(WHAT THE EXERCISE ASKS)
Without changing a word, copy every line of the listing below and leave out the images.

(TASK MATERIAL)
= Beginning of Section =

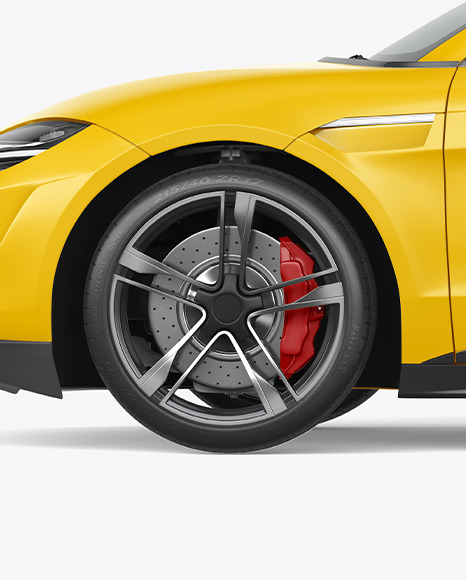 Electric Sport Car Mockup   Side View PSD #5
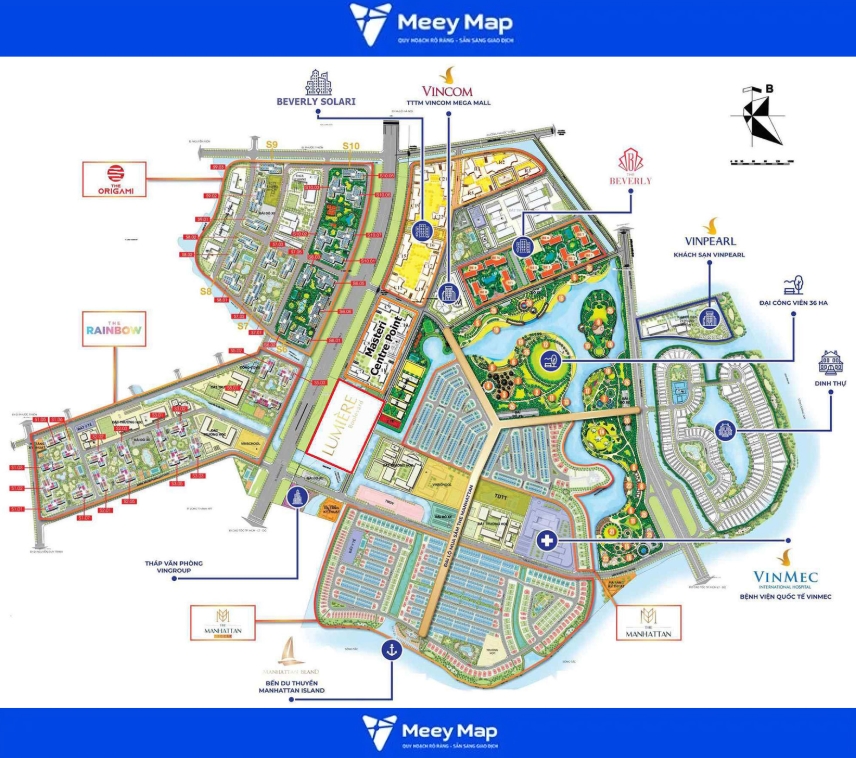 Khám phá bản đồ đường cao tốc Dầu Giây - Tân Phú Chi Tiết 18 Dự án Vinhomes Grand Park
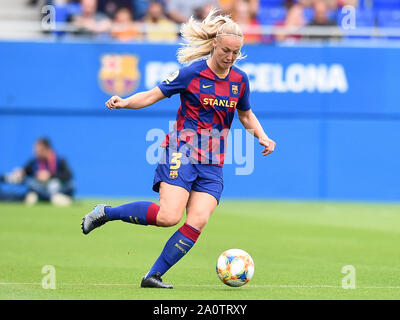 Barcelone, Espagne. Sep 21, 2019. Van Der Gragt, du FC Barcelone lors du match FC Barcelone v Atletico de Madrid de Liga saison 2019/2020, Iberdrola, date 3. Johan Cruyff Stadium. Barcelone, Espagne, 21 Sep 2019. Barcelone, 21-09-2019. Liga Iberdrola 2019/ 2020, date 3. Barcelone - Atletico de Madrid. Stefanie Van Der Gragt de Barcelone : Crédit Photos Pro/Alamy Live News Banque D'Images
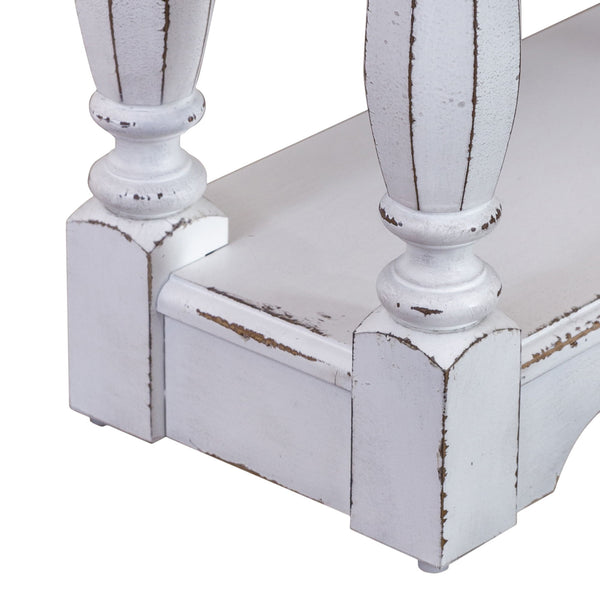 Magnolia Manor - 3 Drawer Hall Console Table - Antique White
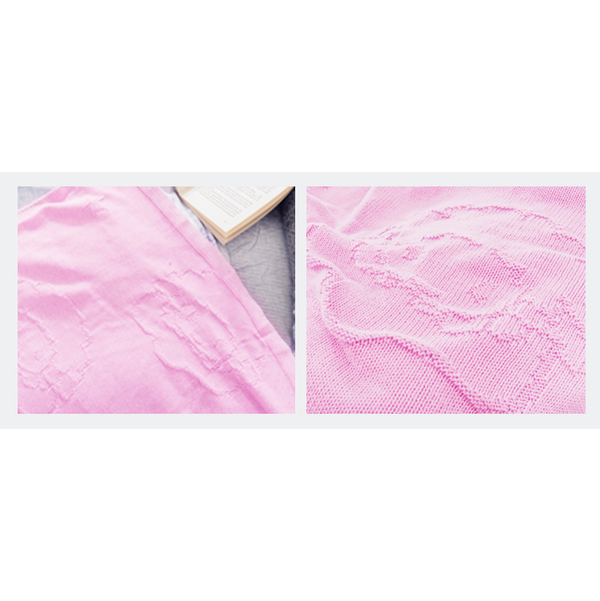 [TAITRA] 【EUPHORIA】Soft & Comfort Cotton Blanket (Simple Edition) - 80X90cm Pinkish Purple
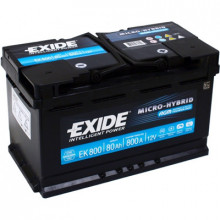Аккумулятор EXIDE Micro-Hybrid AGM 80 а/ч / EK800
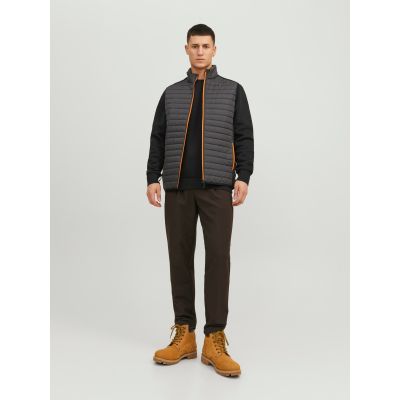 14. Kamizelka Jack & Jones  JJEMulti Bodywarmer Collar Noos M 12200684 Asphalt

= End of Section =

(SOLUTION)
 Electric Sport Car Mockup   Side View PSD #5
 Khám phá bản đồ đường cao tốc Dầu Giây - Tân Phú Chi Tiết 18 Dự án Vinhomes Grand Park
 Barcelone, Espagne. Sep 21, 2019. Van Der Gragt, du FC Barcelone lors du match FC Barcelone v Atletico de Madrid de Liga saison 2019/2020, Iberdrola, date 3. Johan Cruyff Stadium. Barcelone, Espagne, 21 Sep 2019. Barcelone, 21-09-2019. Liga Iberdrola 2019/ 2020, date 3. Barcelone - Atletico de Madrid. Stefanie Van Der Gragt de Barcelone : Crédit Photos Pro/Alamy Live News Banque D'Images
 Magnolia Manor - 3 Drawer Hall Console Table - Antique White
 [TAITRA] 【EUPHORIA】Soft & Comfort Cotton Blanket (Simple Edition) - 80X90cm Pinkish Purple
Аккумулятор EXIDE Micro-Hybrid AGM 80 а/ч / EK800
 14. Kamizelka Jack & Jones  JJEMulti Bodywarmer Collar Noos M 12200684 Asphalt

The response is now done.